|
Texto Anterior | Próximo Texto | Índice
MARCELO COELHO
Lixo, utopias e chaminés
Apesar do colapso das utopias, um sinal de progresso é o modo com que se trata o lixo hoje
MUITO JÁ se falou sobre a "lata de lixo da história", à
qual, conforme se pensava
inicialmente, estavam condenados
os representantes do liberalismo
econômico. Mais tarde, os sinais se
inverteram, e socialistas de todos os
matizes terminaram sendo encaminhados para o mesmo destino.
Para lembrar uma frase de Valéry,
a lata de lixo revelou-se grande o suficiente para que todos coubessem
nela, e a própria metáfora, por fim,
também se tornou vítima daquilo
que nos manuais modernos de cozinha recebe o nome de "descarte".

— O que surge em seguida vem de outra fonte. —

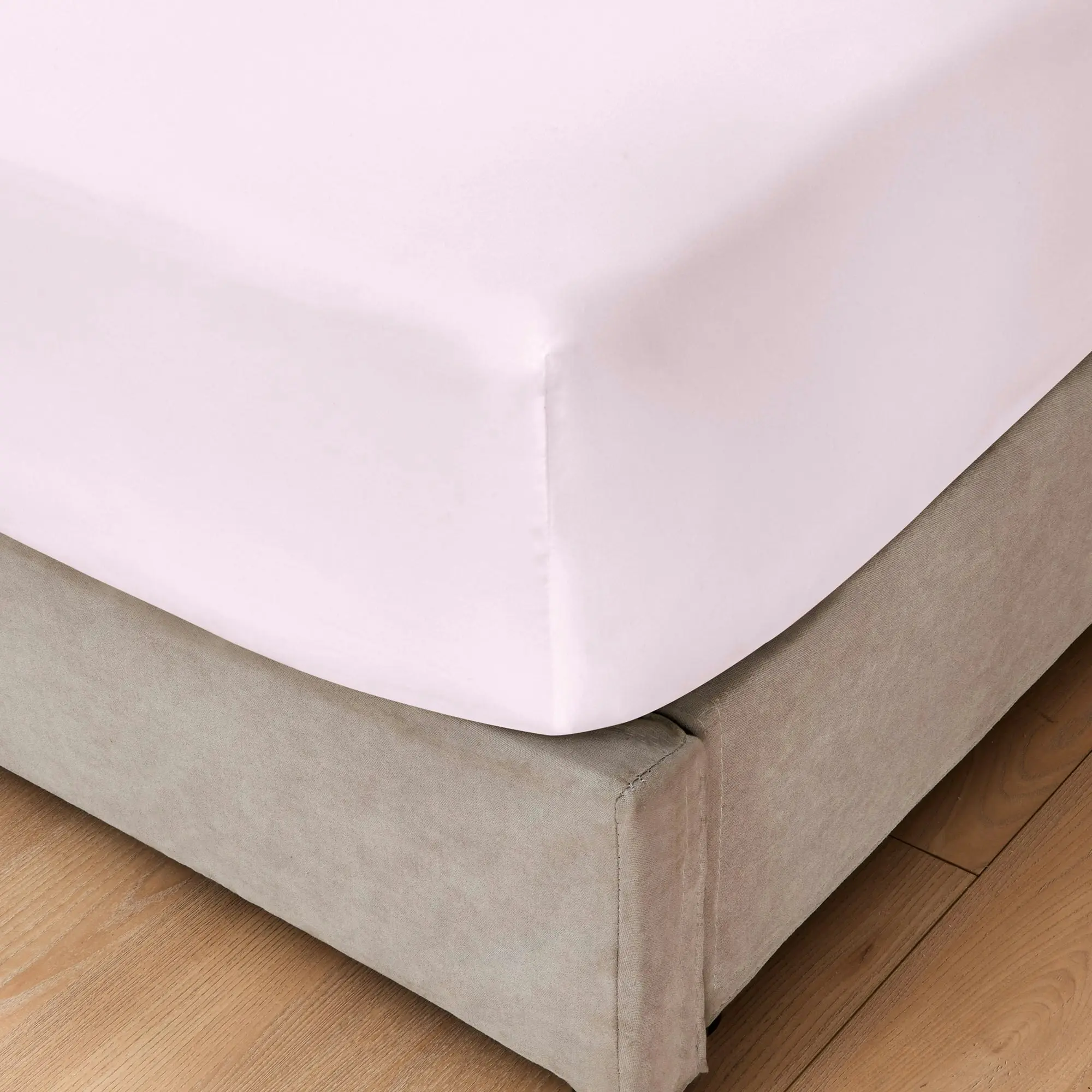 Linenova Ultra Soft Microfibre Fitted Sheet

Apesar do tão decantado colapso
das utopias, alguns sinais de progresso podem ser registrados na história humana, e um deles está no
modo com que hoje as famílias da
classe média tratam do lixo -o lixo
de verdade, não o metafórico.
Escrevo isto pensando num produto que vi anunciado outro dia e
que descrevo mais adiante. Trata-se
de uma lata de lixo bastante inovadora; mas falar em "lata de lixo", hoje em dia, é força de expressão. Sou
do tempo em que as latas eram feitas
de metal. Podem ser vistas ainda no
canal Boomerang, da TV a cabo, onde servem de moradia para o gato
Manda-Chuva e sua turma.
A lata de lixo ficava no quintal, ao
lado do botijão de gás, até a hora em
que passavam os lixeiros. Esses simplesmente pegavam na alça da lata e
esvaziavam seu conteúdo; o contato
com os detritos domésticos era direto, dispensando qualquer tipo de invólucro. Sacos plásticos de lixo constam, na minha memória, como uma
invenção recente.
Nos prédios de apartamentos, a
coisa era ainda pior. Ao lado da porta
da escada de serviço, o morador encontrava uma espécie de gavetão
branco, com a pintura imitando a
dos fogões e geladeiras, destinado a
receber o lixo do seu apartamento. A
portinhola se abria para um buraco
negro, um extenso duto de detritos,
uma chaminé invertida que terminava no subsolo, onde imagino que
um vasto tonel de lata (nunca o vi)
recebesse a lixarada coletiva.
Quem morasse nos andares de
baixo corria o risco de, na hora de esvaziar a sua lata, topar com a precipitação de imundícies proveniente
dos apartamentos de cima. Contavam-se histórias hediondas: vez por
outra, fetos eram jogados naquela
tubulação, que garantia, no silêncio
da madrugada, o anonimato das empregadas domésticas que tinham
engravidado sem querer.
O cheiro de lixo era constante nos
elevadores e escadas de serviço, às
quais se restringia a circulação da
criadagem. Isso não é nada, claro, se
comparado ao que ocorria em séculos passados, com os escravos encarregados de levar em tinas o que hoje
vai pelos canos de esgoto.
Não sei que fim tiveram os tubos
de lixo vertical dos prédios de apartamentos; esse tipo de progresso é
dos tais em que ninguém repara,
nem se guarda na memória.
As "chaminés do lixo" eram também menos terríveis, em todo caso,
que as chaminés reais. Lendo o prefácio a uma edição brasileira dos
poemas de William Blake ("Canções
da Inocência e da Experiência", editora Crisálida), fiquei sabendo que,
na Londres do século 19, a estreiteza
das chaminés exigia o emprego de
mão-de-obra infantil: só meninos de
cinco ou seis anos podiam subir por
dentro delas.
"Eram vendidos por seus pais aos
empregadores [...] devido ao trabalho que faziam, tinham a rótula do
joelho torcida e a espinha e os tornozelos deformados por toda a vida [...]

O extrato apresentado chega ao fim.